Another thing to notice is that this long vine has multiple clusters of three. The leaves alternate. As in, groups of three leaflets are never directly across from each other on the vine or branch of Poison Ivy.
Beech tree leaves.
Now, let’s take a look at some Beech tree leaves. To our left, you have a branch on a mature Beech tree. The shape of the leaves? Nearly identical. The edges are scalloped in just the same way as Poison Ivy. The veining is also very similar, if not identical. The one main difference is that the leaves don’t reliably come in clusters of three and they alternate on the branch. That means that the leaves are never directly across from each other. They are not leaflets in clusters of three, they are individual leaves.
This is easy to see in a mature Beech branch, because there are many leaves. On a small sapling, there may legitimately be (and often are) only three leaves, total. I certainly see it often. However, even on the saplings the leaves alternate.
OK, pop quiz time! Poison Ivy or Beech Tree?
Poison Ivy or Beech Tree?
Take a look at the placement of the leaves on the woody stem. See how they come in triplets, with two leaves directly opposite? Poison Ivy. Another hint is the little green berries starting to show up. Birds love those berries once they are ripe, and that’s the way Poison Ivy spreads.
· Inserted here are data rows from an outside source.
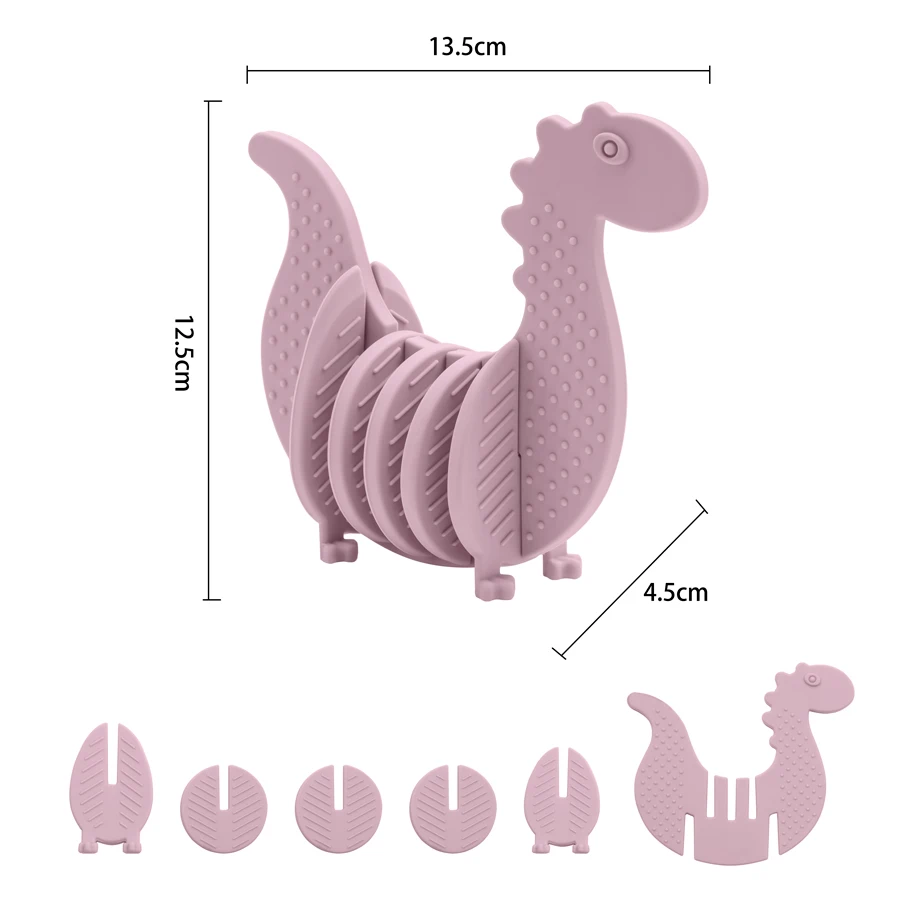 Madre bambini Silicone Baby massaggiagengive giocattoli regali di natale per bambini sensoriale educativo BPA articoli per bambini gratuiti Puzzle di dinosauri per bambino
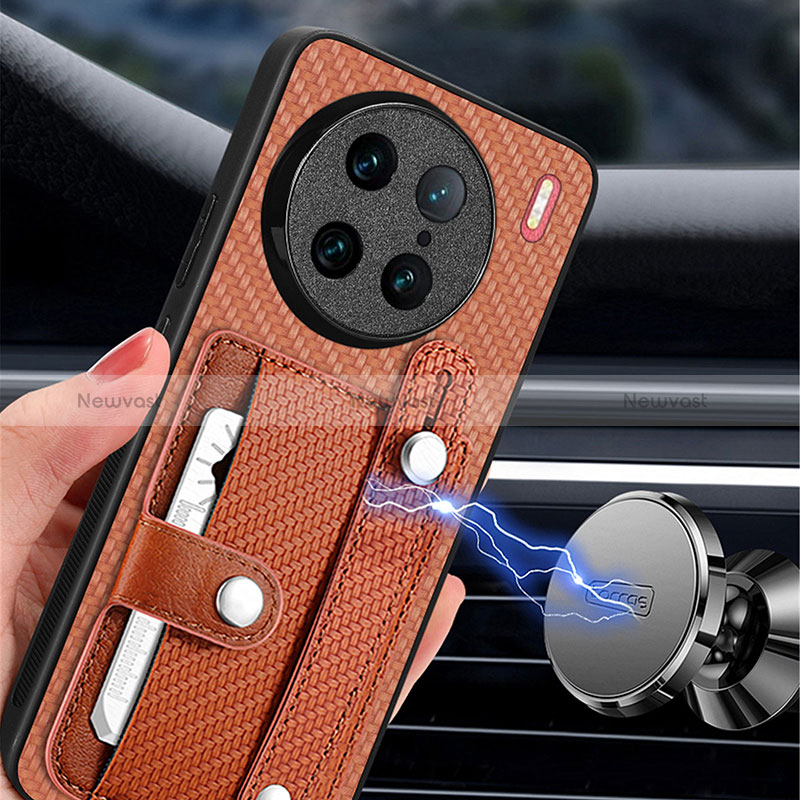 Ultra-thin Silicone Gel Soft Case Cover with Magnetic S02D for Vivo X90 Pro 5G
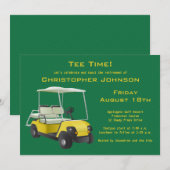 Green Gold Golf Cart Retirement Party Einladung (Vorne/Hinten)
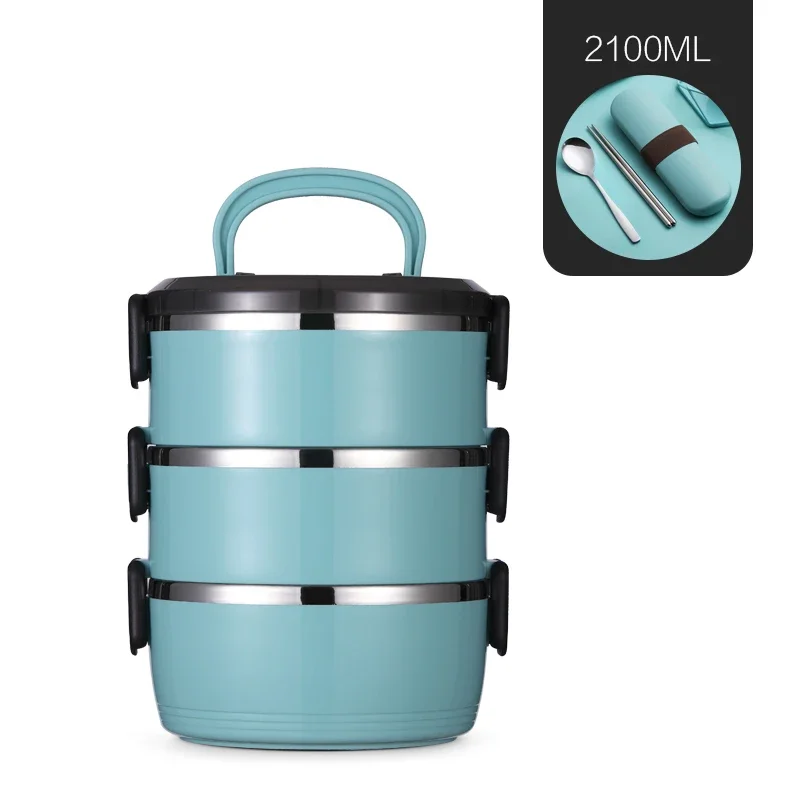 304 Stainless Steel Thermal Lunch Box Leakproof Office Student Camping Thermos Bento Boxs Portable Food Storage Container Set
Here’s a trickier one. What do you see in this picture?
Poison Ivy or Beech Tree?
The three leaved plants? Poison Ivy. See how the group of three leaflets always has two directly opposite each other in a pair? That’s how you can spot Poison Ivy and differentiate it from a similar ground plant that just may happen to have three leaves.
There are also two small Virginia Creeper plants in this picture. They’re easy to spot. They have clusters of five leaves that are just a big more jagged than the other plants. Clearly not Poison Ivy. Don’t be tricked!